Facciamo ognuno quello che possiamo fare. Considerato che quasi certamente le tragedie che i mezzi di comunicazione ci fanno condividere, derivano dalla mentalità del possesso congiunta con la debolezza dell’indispensabilità di quella relazione,  che chiusa viene vista come  una perdita irreparabile, una sconfitta inaccettabile,  un insuccesso insopportabile,  se nei nostri ambito cogliamo che vi sono situazioni che ne fanno rilevare  i sintomi quali cercare l’esclusività della relazione affettiva con chiusura ad altre relazioni sociali, vivere da coppia isolata, è bene intervenire con l’autore di questo tormento e con la vittima di esso, per segnalare con le parole giuste che la loro relazione è squilibrata, non procede bene, aiutarli nel modificare la rotta o nel pervenire in modo indolore a chiuderla.

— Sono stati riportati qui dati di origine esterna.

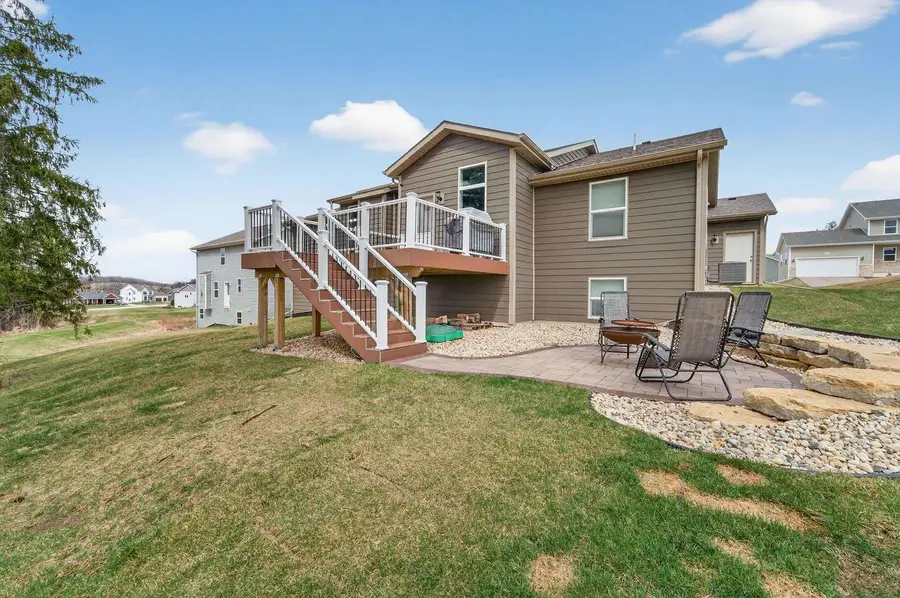 381 Bell View Avenue, Belleville, WI 53508 - #3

A prescindere dal confrontarci con la situazione predetta possiamo nell’ambito familiare e comunque delle persone vicine compiere un’attività che educhi a superare la sconfitta, ad accettare l’insuccesso, il non avere quello che si desidera. Questa attività educativa sarà di grande aiuto quando ci si trovasse di fronte alla chiusura di una relazione affettiva a cui si tiene tanto. Farà capire che non era un’armoniosa alleanza e la perdita verrà superata con la  speranza che s’incontrerà la donna per la bella relazione di complementarietà per un progetto di vita da attuarsi nell’aiuto reciproco, senza incorrere nella debolezza dell’indispensabilità.

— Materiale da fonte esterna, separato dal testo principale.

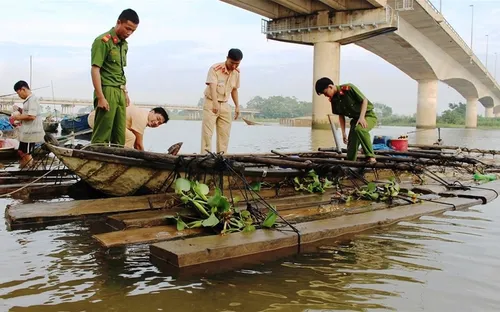 Báo động tình trạng vận chuyển gỗ lậu trên sông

Sembrerà banale, ma è qualcosa di piccolo che  tutti possiamo fare. Vediamo di riuscire a farlo.

Voglio concludere le mie considerazioni con un invito a una riflessione su un tema che apre, a mio avviso, a un prossimo incontro, quello del danno sociale arrecato dai crimini di violenza sulle donne, quello della sfiducia. Le relazioni autentiche, significative, vere, sono caratterizzate dalla fiducia , ed essa nella relazione di coppia uomo – donna, è sicuramente posta in crisi  dai fatti di violenza all’improvviso . E’ un danno che oltre a interessare la coppia, investe anche le persone vicine a loro, investite dalla preoccupazione per quello che potrebbe succedere ai propri cari.